Here is what the two frames look like from the factory with the drawers removed. These "U" shaped assemblies only attach at the front face of the cabinet, so this frame that holds the drawer glides is free to flex up and down based on the load you put in the drawer.


On the top drawer, left side, I put a block between the frame and the side paneling of the upper shelf under the sink. I screwed into the frame from inside the cabinet through the panelling.


On the bottom drawer, left side, they do not have the paneling extend down to the bottom of the cabinet under the sink, so I took a piece of wood and screwed it right into the carpeted fenderwell and then screwed that piece of wood into the frame.


For the top and bottom drawers right side I put a piece of wood between the frame and the outer wall of the cabinet (top frame shown, but bottom is done the same way) Here I ran the screw in from the outside of the cabinet (near the entrance door to the trailer), through the wood block and into the drawer frame. This is where a good carpenter or tech may have a better way without leaving exposed screws.

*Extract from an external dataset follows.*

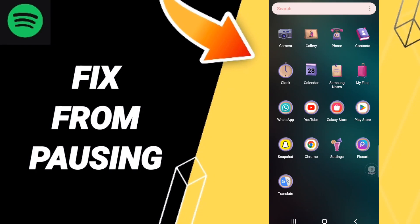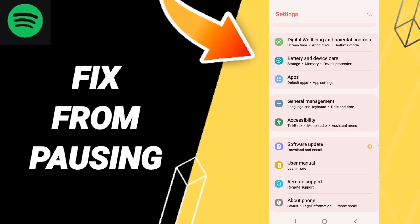Hi everyone, today we'll talk about how to fix or solve Spotify from pausing. To fix this, you should go to Settings, then click on Apps, Default Apps, and App Settings.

(whoops, there is a 4 picture limit per message)
Here is what the outside of my kitchen cabinet looks like. Note the two exposed screw heads, but hey, at least they are brown and Lucille didn't get mad about the exposed screws!

Again, see what their solution is. Let us see pictures of what they do. If they have a nice sturdy kit that does a better job, maybe it is worth a trip to the nearest Forest River dealer and I will take mine in and let them do the "factory fix", but I am trying to avoid the fun of that!